Logica Ventures Corp. Completes Initial Public Offering


TORONTO, Dec. 19, 2019 (GLOBE NEWSWIRE) -- Logica Ventures Corp. (the “Corporation”) (TSXV: LOG.P) is pleased to announce that it has completed an initial public offering (the “Offering”) in Ontario, Alberta and British Columbia of 3,000,000 common shares (“Common Shares”) at a price of $0.10 per share for aggregate gross proceeds of $300,000.

When combined with the cash proceeds raised prior to the Offering, the Corporation has raised total gross proceeds of $487,000 and has a total of 6,740,000 Common Shares issued and outstanding, of which 3,740,000 are currently held in escrow pursuant to the policies of the TSX Venture Exchange (the “Exchange”).

The net proceeds of the Offering, together with the proceeds from prior sales of Common Shares, will be used by the Corporation to identify and evaluate assets or businesses for acquisition with a view to completing a “Qualifying Transaction” under the Exchange’s capital pool company program (“CPC”).

The Corporation’s Common Shares were listed on the Exchange at the close of business on December 18, 2019 and the Common Shares commenced trading on the Exchange on December 19, 2019 under the stock symbol “LOG.P”.

Echelon Wealth Partners Inc. (the “Agent”) acted as agent for the Offering.  In connection with the Offering, the Corporation granted to the Agent non-transferable options to acquire up to an aggregate of 300,000 Common Shares (the “Agent’s Options”).  Each Agent’s Option is exercisable to acquire one common share at a price of $0.10 for a period of 24 months following the date that the Common Shares are listed on the Exchange.  In connection with the Offering, the Agent also received a cash commission equal to 10% of the aggregate gross proceeds from the sale of the Common Shares, along with a corporate finance fee, and was reimbursed for its legal fees and reasonable expenses.

Following the closing of the Offering, the Corporation also granted stock options to directors and officers exercisable to acquire up to an aggregate of 674,000 Common Shares.  Each option is exercisable to acquire one common share at a price of $0.10 at any time on or before December 19, 2029.
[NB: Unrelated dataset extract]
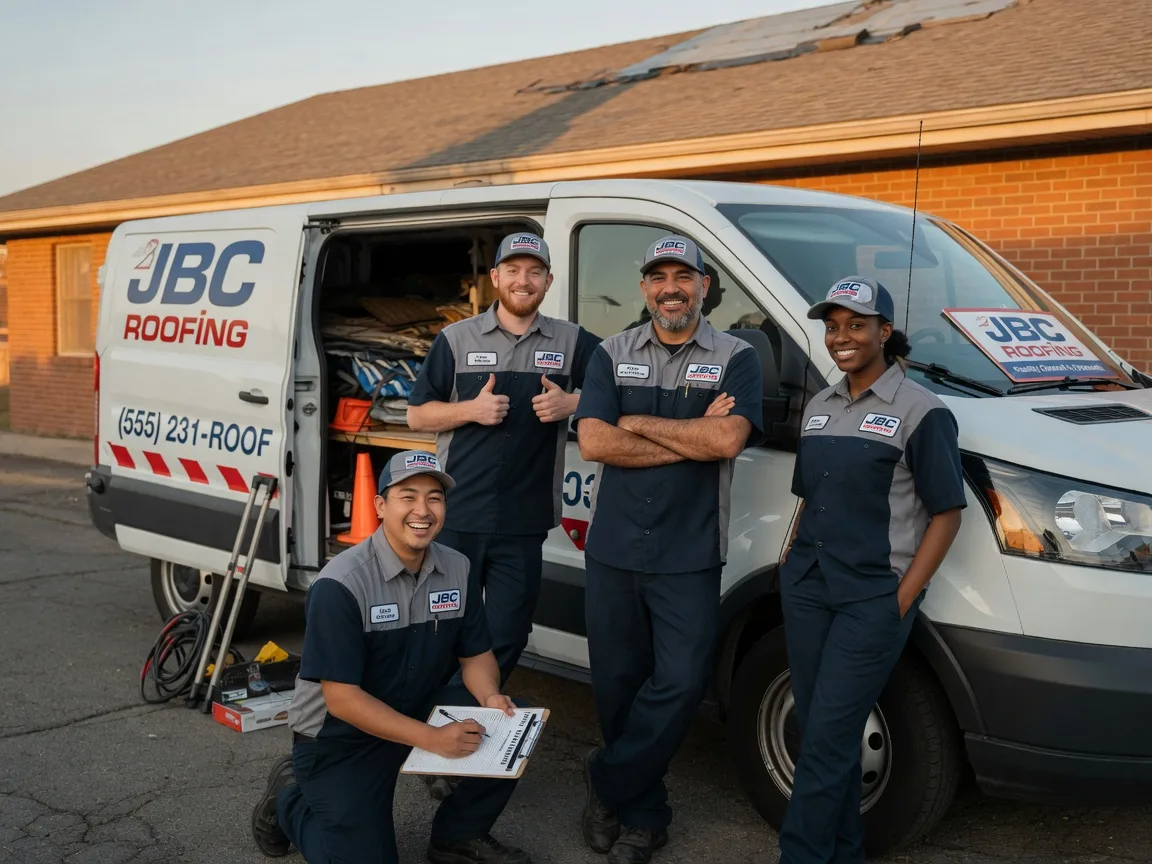 Roof Replacement company in Conway, WA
The current directors and officers of the Corporation are: Robert Kidd, Chief Executive Officer, Chief Financial Officer and Director; Munaf Ali, Director and Chairman of the Board of Directors; Paul Mesburis, Director; and Thomas Tewoldemedhin, Director and Corporate Secretary.

For further information please see the Corporation’s prospectus dated October 15, 2019, available under the Corporation’s profile on SEDAR at www.sedar.com

FORWARD-LOOKING STATEMENTS

This press release contains certain forward-looking statements, including statements about the Corporation’s future plans and intentions, listing of the Common Shares on the Exchange, use of proceeds of the Offering and completion of a Qualifying Transaction. Wherever possible, words such as “may”, “will”, “should”, “could”, “expect”, “plan”, “intend”, “anticipate”, “believe”, “estimate”, “predict” or “potential” or the negative or other variations of these words, or similar words or phrases, have been used to identify these forward-looking statements. These statements reflect management’s current beliefs and are based on information currently available to management as at the date hereof. 

Forward-looking statements involve significant risk, uncertainties and assumptions. Many factors could cause actual results, performance or achievements to differ materially from the results discussed or implied in the forward-looking statements. These factors should be considered carefully and readers should not place undue reliance on the forward-looking statements. Although the forward-looking statements contained in this press release are based upon what management believes to be reasonable assumptions, the Corporation cannot assure readers that actual results will be consistent with these forward-looking statements. These forward-looking statements are made as of the date of this press release, and the Corporation assumes no obligation to update or revise them to reflect new events or circumstances, except as required by law.

For further information please contact:

Logica Ventures Corp.
Robert Kidd
Telephone: 416-367-4484
Email: robbie@logicaventures.com

Neither the Exchange nor its Regulation Services Provider (as that term is defined in the policies of the Exchange) accepts responsibility for the adequacy or accuracy of this release.